MTDSense: AI-Based Fingerprinting of Moving Target Defense Techniques in Software-Defined Networking
Tina Moghaddam, Guowei Yang, Chandra Thapa, Seyit Camtepe, Dan Dongseong Kim
TL;DR
MTDSense investigates the security of moving target defenses in SDN by showing that an AI-capable attacker can fingerprint and time the triggering of IP-shuffling MTDs through passive traffic analysis. The authors implement MTDSense using unsupervised clustering over a rich feature set and demonstrate that the MTD trigger time and interval can be inferred with high accuracy, raising concerns about the effectiveness of traditional MTDs. To mitigate this leakage, they propose three MTD update mechanisms (ODI, OTI, PEI) and evaluate their impact on fingerprintability across various network scales and traffic loads, reporting that PEI in particular can significantly reduce detectability at some cost. The work contributes a realistic SDN-based dataset, a transferable attacker model, and practical guidance for designing less fingerprintable MTD deployments, highlighting the need to balance security gains with performance and privacy considerations in real networks.
Abstract
Moving target defenses (MTD) are proactive security techniques that enhance network security by confusing the attacker and limiting their attack window. MTDs have been shown to have significant benefits when evaluated against traditional network attacks, most of which are automated and untargeted. However, little has been done to address an attacker who is aware the network uses an MTD. In this work, we propose a novel approach named MTDSense, which can determine when the MTD has been triggered using the footprints the MTD operation leaves in the network traffic. MTDSense uses unsupervised clustering to identify traffic following an MTD trigger and extract the MTD interval.
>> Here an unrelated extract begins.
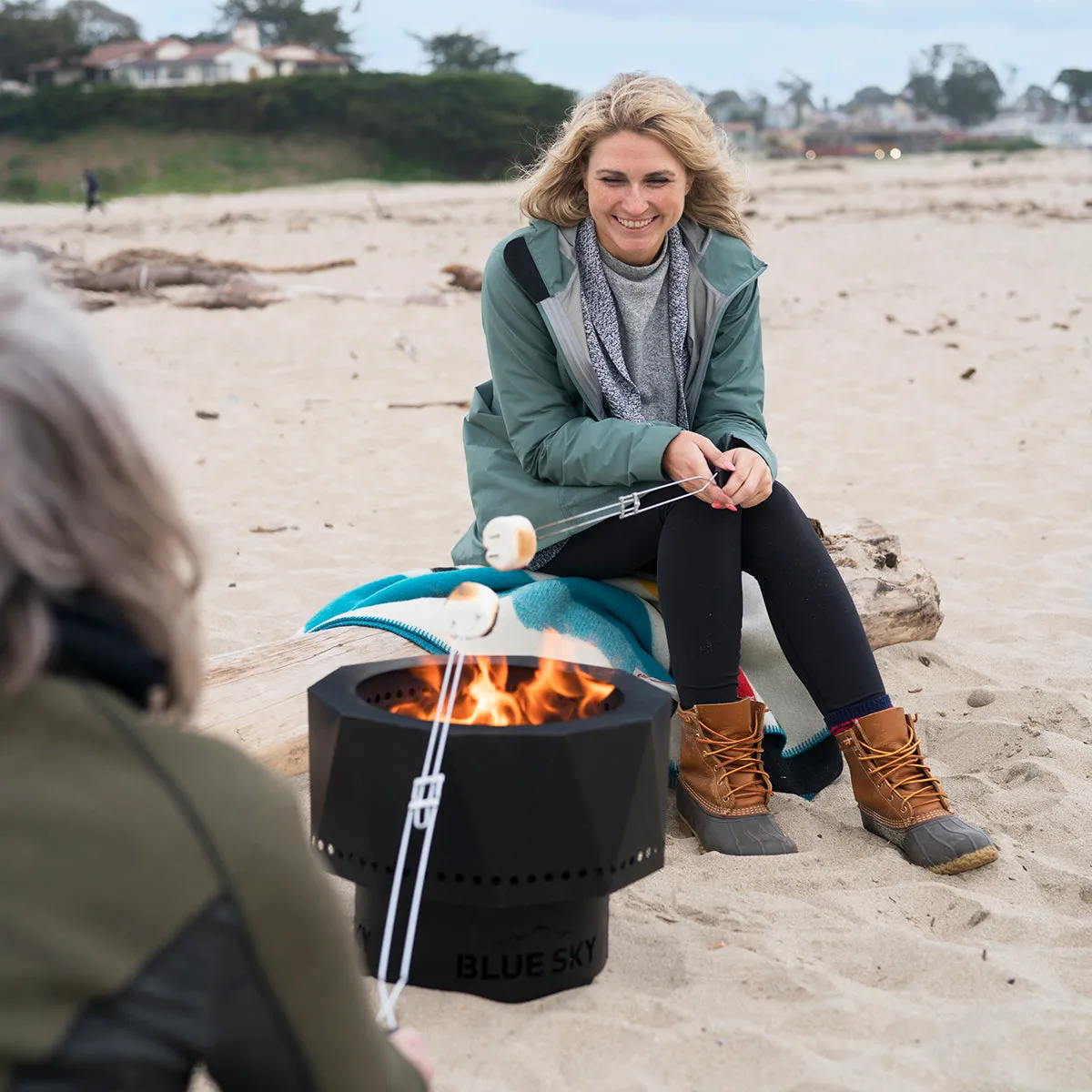 The Ridge Portable High Efficiency Pellet Fire Pit Black product image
An attacker can use this information to maximize their attack window and tailor their attacks, which has been shown to significantly reduce the effectiveness of MTD. Through analyzing the attacker's approach, we propose and evaluate two new MTD update algorithms that aim to reduce the information leaked into the network by the MTD. We present an extensive experimental evaluation by creating, to our knowledge, the first dataset of the operation of an IP-shuffling MTD in a software-defined network. Our work reveals that despite previous results showing the effectiveness of MTD as a defense, traditional implementations of MTD are highly susceptible to a targeted attacker.